Ever notice how similar the seating plans of airplanes resemble the more horrific layout (yet efficient design of those slave ships)? Could airplane designers be unconsciously influenced by them?
Sir, please have a “Fool SADDOWN” Gift Basket with a “Shut the Hell Up” Candle Set thrown in for good measure. You’ve clearly lost your good mind to compare an aircraft to the vessel used to carry millions of folks from Africa to imprisonment in America and around the globe. Sure they have the same shape but that’s about it.
I don’t care HOW cramped up your legs are in economy class (yes I know your knees almost touch your chest) or how annoying it is that the little boy behind you keeps kicking your chair (meanmug his mama to tell him to stop). I highly doubt that it is anything remotely as annoying as being chained up to 500 other people and kept in a vertical position for months at a time.
Yes, I know the toilets on airplanes are insufferably small and you have to maneuver to get in an out. BUT at least you can go piss. On slave ships, the toilet was where you laid. Don’t sit up there talmbout airplanes are just like slave ships.
Kunta Kinte ain’t get whipped by Massa for you to trivialize his journey across that yonder Middle Passage. HE AIN’T!
Folks always tryna compare some of their raggedy struggle to slavery.

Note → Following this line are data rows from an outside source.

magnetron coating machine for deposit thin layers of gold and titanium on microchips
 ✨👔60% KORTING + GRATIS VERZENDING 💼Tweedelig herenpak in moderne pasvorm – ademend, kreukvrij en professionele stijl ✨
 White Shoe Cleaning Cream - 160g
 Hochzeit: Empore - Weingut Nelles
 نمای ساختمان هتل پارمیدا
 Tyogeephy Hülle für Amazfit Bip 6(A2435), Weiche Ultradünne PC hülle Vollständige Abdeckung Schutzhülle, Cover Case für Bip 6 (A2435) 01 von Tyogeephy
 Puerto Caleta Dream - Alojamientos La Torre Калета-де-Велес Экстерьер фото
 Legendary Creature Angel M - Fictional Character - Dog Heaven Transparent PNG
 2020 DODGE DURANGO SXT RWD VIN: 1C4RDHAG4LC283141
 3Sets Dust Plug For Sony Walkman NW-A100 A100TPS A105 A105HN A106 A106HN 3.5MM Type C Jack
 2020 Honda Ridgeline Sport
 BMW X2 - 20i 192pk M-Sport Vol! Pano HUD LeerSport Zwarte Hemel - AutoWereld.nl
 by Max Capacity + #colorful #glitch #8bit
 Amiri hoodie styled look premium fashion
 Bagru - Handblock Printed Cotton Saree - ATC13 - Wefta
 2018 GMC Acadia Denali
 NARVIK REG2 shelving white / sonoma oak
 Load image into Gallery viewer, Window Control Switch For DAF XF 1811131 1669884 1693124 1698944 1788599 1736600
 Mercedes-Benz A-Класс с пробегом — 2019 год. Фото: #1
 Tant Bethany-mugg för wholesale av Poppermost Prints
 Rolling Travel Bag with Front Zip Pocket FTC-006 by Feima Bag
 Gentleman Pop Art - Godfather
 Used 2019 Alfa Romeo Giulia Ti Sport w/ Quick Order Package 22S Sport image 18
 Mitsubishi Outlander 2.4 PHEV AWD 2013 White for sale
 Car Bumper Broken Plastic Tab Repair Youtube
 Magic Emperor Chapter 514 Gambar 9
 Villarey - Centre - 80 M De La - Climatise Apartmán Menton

PEOPLE WERE CONSIDERED CATTLE! Folks were raped for sport. We got high blood pressure from all the salt water. You can’t beat that struggle! Stop trying. Sure you might feel like cattle when traveling in a crowded airplane, but that’s only for 2-14 hours. Try 200 years! SADDOWN!
Sir, please get out the paint and go get some business. Just dumb. (-___-)
Ennehweighs, whatcha’ll think? Do you feel the pain of 1,000 negros when you fly?